Study shows what business leaders can learn from Formula One racing
Formula One racing teams may have a lesson to teach business leaders: Innovation can be overrated.
That's the conclusion from academic researchers who pored over data from 49 teams over the course of 30 years of Formula One racing. They found that the teams that innovated the most - especially those that made the most radical changes in their cars - weren't usually the most successful on the race course.
Moreover, radical innovations were the least successful at exactly the times when many business leaders would be most likely to try them: when there were major changes in their regulatory environment.
"We found that it wasn't always good to be the aggressive innovator," said Jaideep Anand, co-author of the study and professor of strategy at The Ohio State University's Fisher College of Business.
"The conventional wisdom that companies need to embrace change is often wrong."
The study appears in the current issue of the journal Organization Science.
Formula One racing is actually a very good venue to study the value of innovation in business, Anand said. It is an innovation-intensive industry with teams of engineers, drivers and sponsors who all have to work together to succeed.
The independent governing body for Formula One (FIA) imposes changes to racing teams' environments by releasing a new set of rules each year, which is similar to changes in the regulatory and business environment that businesses face on a regular basis.
The FIA rules define basic guidelines for technology advances in the sport and let teams know how much innovation they are allowed to incorporate each year.
Anand said the rule changes are more major in some years than others, allowing teams more leeway in how much change they can make in their cars.
When the researchers analyzed how much the teams innovated each year, and how well they performed on the race tracks, some findings stood out, Anand said.
For one, small amounts of innovation were generally good, but at some point, teams actually performed more poorly when they changed too much.
This was particularly true when the FIA made major changes to the rules, allowing teams more freedom to innovate.
"Teams sometimes believed that the more the rules changed, the more they had to change along with them," Anand said.
"But we found that small, incremental improvements were often better than big changes."
That's because Formula One cars - like many businesses - are complex, interconnected systems. If you change one part of the system, you risk changing other parts of the system that you want to stay the same.
"There's a risk when you make some kinds of changes that you won't be able to make the whole system work together again," Anand said.

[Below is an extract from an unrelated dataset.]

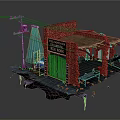 Abandoned Urban Steel Works Building With Red Brick Structure Street Lamp Green Liquid And Debris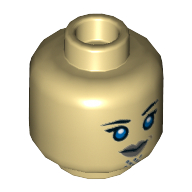 Tête de minifigurine Luminara Unduli, double visage, lèvres grises et grands yeux bleus, motif : expression neutre / en colère [tenon creux] (Minifig Head Luminara Unduli, Dual Sided, Gray Lips and Large Blue Eyes, Neutral / Angry Print [Hollow Stud])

The best path, he said, is usually to make changes on the margins, where you can gain some efficiency without disturbing all the other parts of the system.
Anand and his colleagues did a case study of one particular year in Formula One racing - 2009 - that illustrates many of these larger points.
That year the FIA approved a radical change allowing teams to use a new component - an energy-efficient technology known as the kinetic energy recovery system, or KERS.
This device could store the kinetic energy from the waste heat created by the car's brakes. Once stored in a battery, the energy could be used for acceleration.
The upside was intriguing, but it came with costs, Anand said. For example, it added weight to the car and the driver had to learn how to use the technology correctly.
Several teams jumped at the opportunity to add KERS to their cars, believing the possibilities outweighed the potential costs. But at the end of the year, two teams that did not use KERS - but instead concentrated on other, more marginal improvements - were the ones who finished on top in the standings.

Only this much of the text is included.